AI didn't close the door to a tech career. It raised the entry step. Those who arrive knowing how to use it as a tool get ahead of those who still fear it.
The map of fields (with 2026 data)#
The good news: "IT" is much bigger than "being a programmer". Here's where the demand is, and the numbers behind it.
Software development#
Still the biggest entry door, but with a higher bar for pure juniors. The real demand is for those who pair coding with a specialty (data, cloud, security). According to Robert Half, software engineering remains among the most sought-after roles of 2026, and also among the most affected by a shortage of qualified people (52% of delayed projects cite that gap). Translation: the jobs exist; what's missing is people who are truly ready.
Data, AI and Machine Learning#
This is the fastest-growing area, period. "AI Engineer" was named the fastest-growing job in the US in LinkedIn's Jobs on the Rise report, with postings up more than 140% in a single year. AI, ML and data science roles totaled nearly 50,000 postings in 2025, a 163% jump over 2024. The U.S. Bureau of Labor Statistics projects 23% growth through 2033 for the category that includes these roles, far above average.
Salaries follow: in the US, AI engineers average close to $200K/year, and even entry-level roles start high.

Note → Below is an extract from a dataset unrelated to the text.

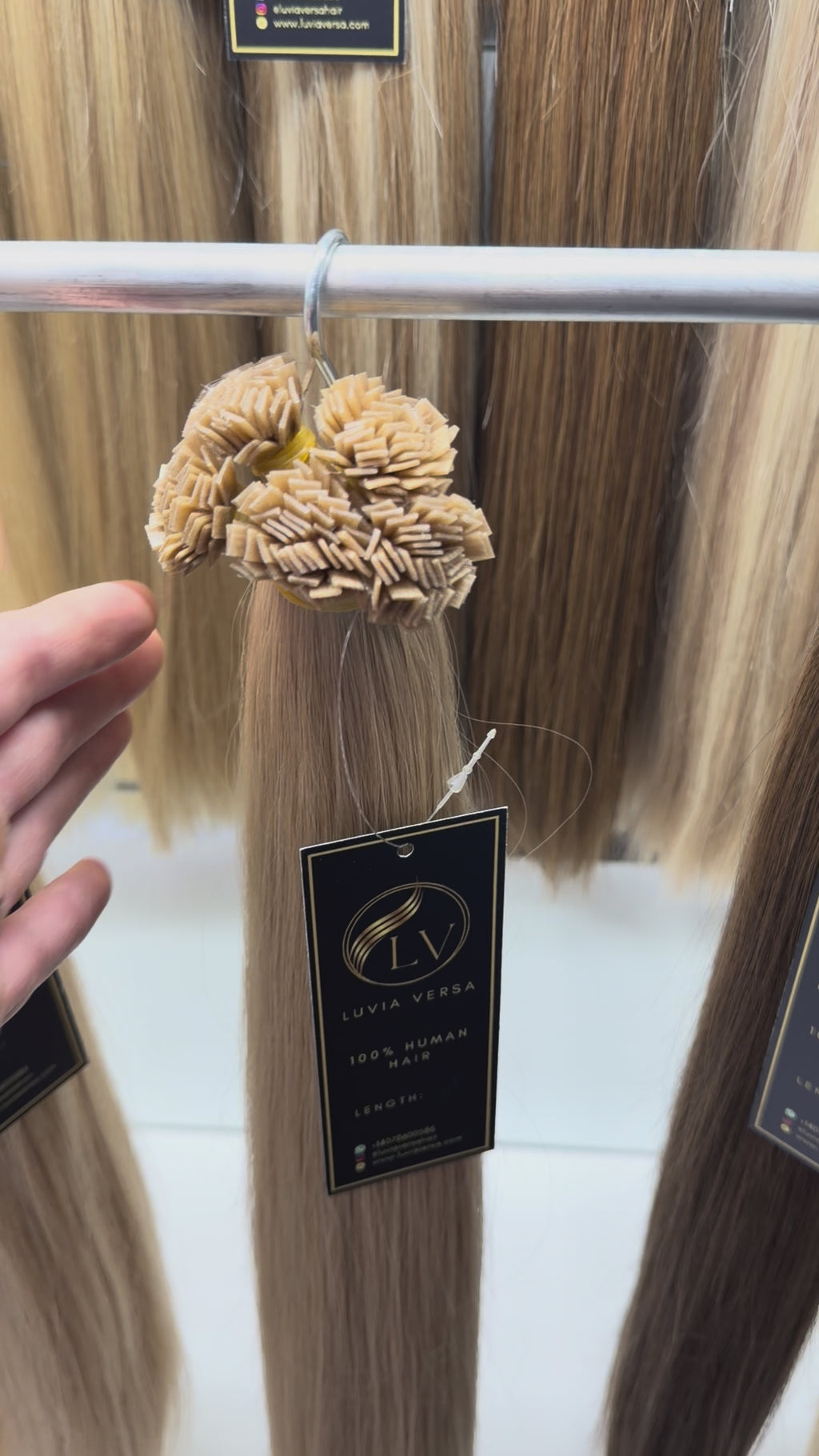 Color #18 (25 gram bundle, 28-32 pieces)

In Brazil, mid-level data and AI profiles are among the best paid in the field.
Cybersecurity#
If there's one area with a screaming shortage, it's this one. The ISC2 workforce study points to about 4.8 million unfilled cybersecurity jobs worldwide: the workforce would need to grow 87% just to meet current demand. Two out of three security teams operate understaffed.
An honest heads-up for beginners: 9 out of 10 security managers prefer candidates with some prior IT experience. So cybersecurity is often a great second stop, you get in through support, networking or development, and move into security with a solid base.
Cloud, DevOps and Platform Engineering#
The invisible backbone of everything that runs on the internet. Demand for people who can build and automate infrastructure stays strong, and the area is evolving from "DevOps" into Platform Engineering: teams that build internal platforms so other developers can ship faster. Skills like Kubernetes, infrastructure as code (Terraform) and cloud security push salaries up, and cloud certifications (AWS, Azure) carry real weight on a résumé, some are worth a salary premium of tens of thousands of dollars abroad.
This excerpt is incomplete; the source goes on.